So in her mind what she did, was let's represent these 2 dots here, and she said I'm gonna move these over, so imagine them disappearing they're no longer fall over to here, and now I can see one 10 and 4 more and I know that's 14. Uh-huh.

[Presenter places the 2 orange counters over 2 of the 6 dots that they covered before with their hand on the ten-frame on the right. They then replace the 2 orange counters with 2 white counters and move the 2 orange counters into the empty boxes next to the 8 dots on the ten-frame on the left.]

So the pony said, well I know that 8 and 6 is equivalent to 10 and 4. Uh-huh and 14 is 10 and 4. Uh-huh, do you like that strategy by the pony? Yeah, she was a bit proud of herself.

[Presenter draws a vertical line with the pink marker to separate the green and pink ideas. They write ‘8 and 6’, then underneath write ‘10 and 4’, then underneath that write ‘14 is 10 and 4’. The presenter then moves the pony figurine under their written idea.]

Gee, so then the pirate came along, ahhh harrr, my hearties, and the pirate, I think we should represent him in red, hopefully you can discern the difference.

[Presenter draws a vertical line with the red marker to separate the pink and red ideas.]

Oh yeah. I know, Yoda had all the writing space and the ponies got a little bit less, and now the pirate got hardly any. But the pirate thought of a similar strategy to the pony, in the idea of moving dots, and he said what he could see is that inside of 8 there's actually 7, because look, if you remove one dot, you now have 7. Aha. And he said and if I put a dot over here, I now have 2 sevens. And he said I just actually know in my brain that 2 sevens is 14.

[Presenter places one white counter over one of the 8 dots in the ten-frame on the left. They then place one orange counter next to the 6 dots on the ten-frame on the right.]

Yes, and so he said, well eight and, oh that's pink, sorry pirate, 8 and 6 is the same as saying 7 and 7. And that 14 is 7 and 7, and that was the pirate's strategy.

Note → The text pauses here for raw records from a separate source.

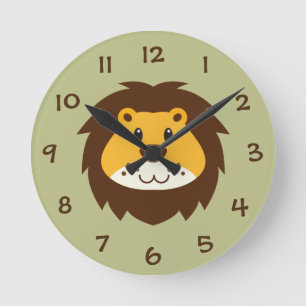 Jungle Safari Lejon Kids Nursery Wall Clock Rund Klocka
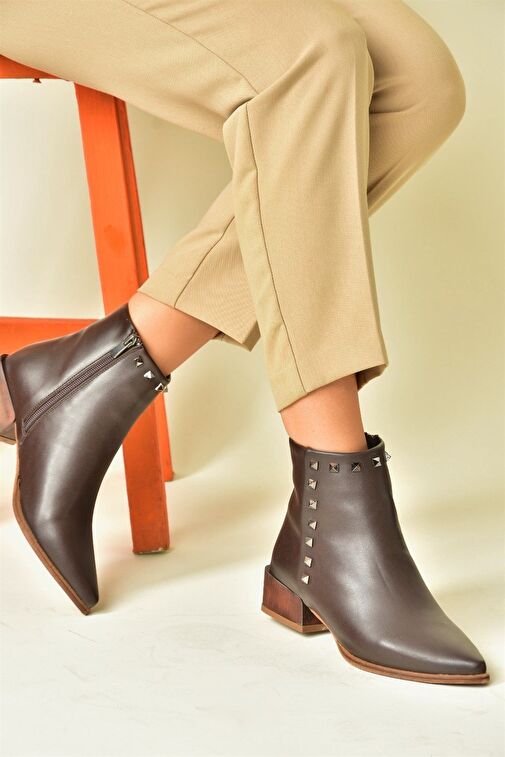 Kahverengi Zımba Detaylı Kadın Bot N820032309 - Görsel 4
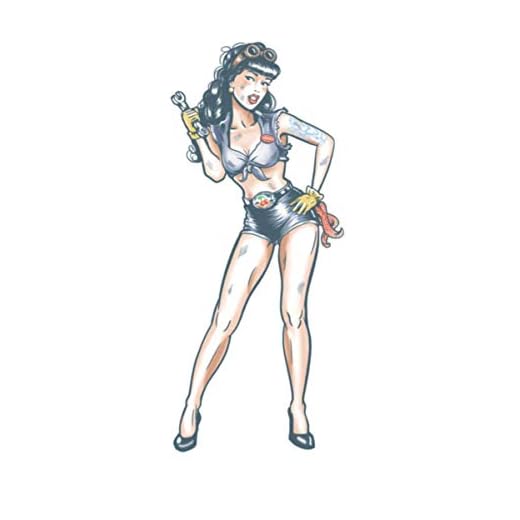 Horror-Shop Pin Up Pegamento Tatuaje Sexy Mecánico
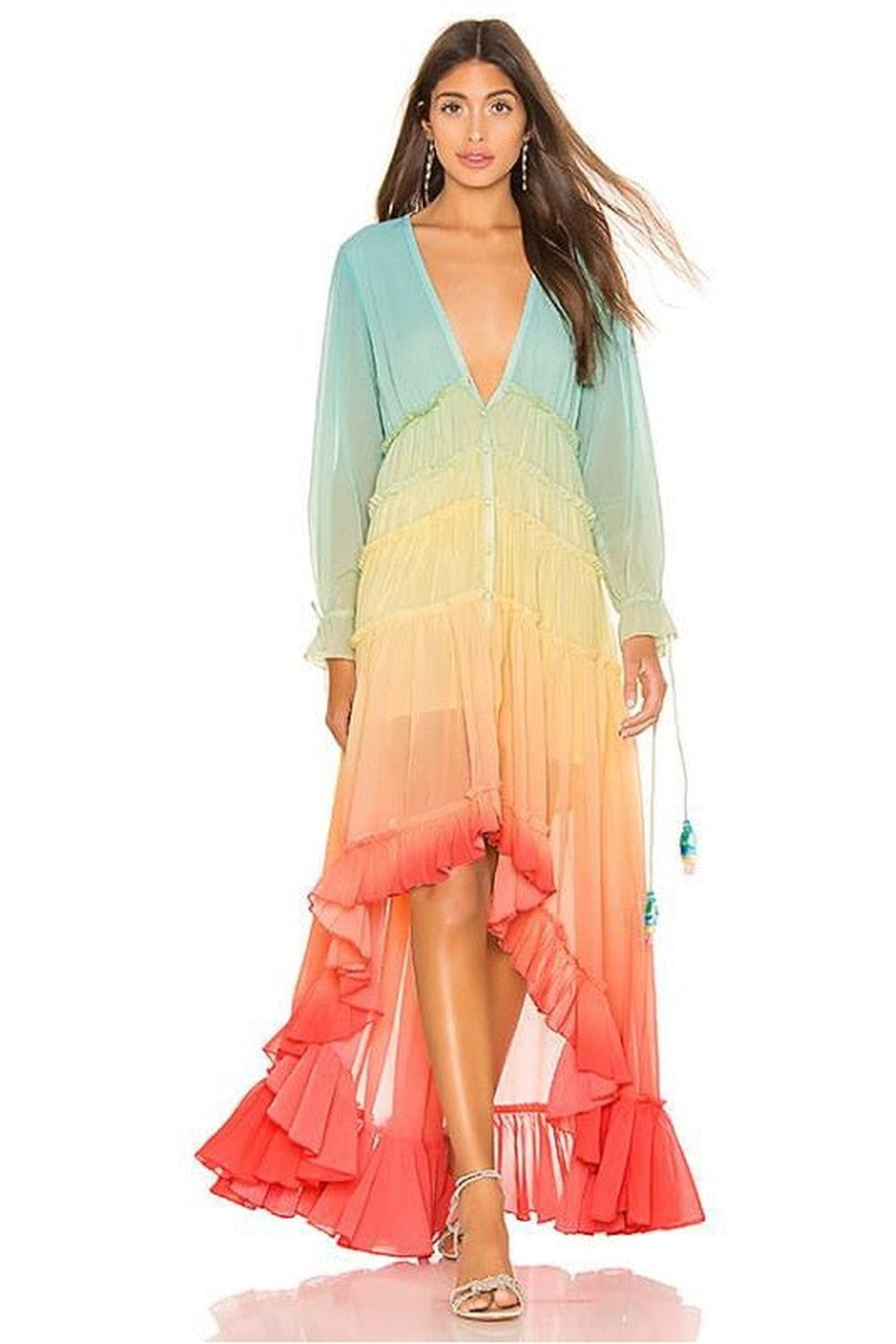 Y2k Rainbow high low dress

[Presenter starts to write in pink marker, then changes to red and crosses out pink writing. They write ‘8 and 6’, then underneath write ‘7 and 7’, then underneath that write ‘14 is 7 and 7’. The presenter then moves the pirate figurine under their written idea.]

So isn't that really cool, little mathematicians, to think about the idea that you can visualize the dots moving. So even though you see 8, you could change the 8 into 14 if you wanted by visualizing these 2 dots here moving over here.

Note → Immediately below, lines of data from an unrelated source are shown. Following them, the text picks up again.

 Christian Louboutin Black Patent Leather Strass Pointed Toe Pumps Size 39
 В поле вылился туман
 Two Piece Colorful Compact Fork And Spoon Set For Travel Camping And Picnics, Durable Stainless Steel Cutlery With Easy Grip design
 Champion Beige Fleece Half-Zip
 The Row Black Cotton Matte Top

[Presenter shows the pony strategy again by placing the 2 orange counters over 2 of the 6 dots on the ten-frame on the right. They then replace the 2 orange counters with 2 white counters and move the 2 orange counters into the empty boxes next to the 8 dots on the ten-frame on the left.]

Aha, or if you know double 7, then you could imagine this dot, moving over here to make double 7.

[Presenter shows the pirate strategy again by placing one orange counter over one of the 8 dots in the ten-frame on the left. They then replace the orange counter with a white counter and move the orange counter next to the 6 dots on the ten-frame on the right.]

So what's some of the mathematics here? Yeah, we saw that you can solve the same problem in different ways. So here are three different ways that we could think about combining 6 with 8.

We also saw that you can use numbers flexibly and today we saw this when the pony and the pirate visualized dots moving from one ten-frame to another, so they could use what they know to solve the problem.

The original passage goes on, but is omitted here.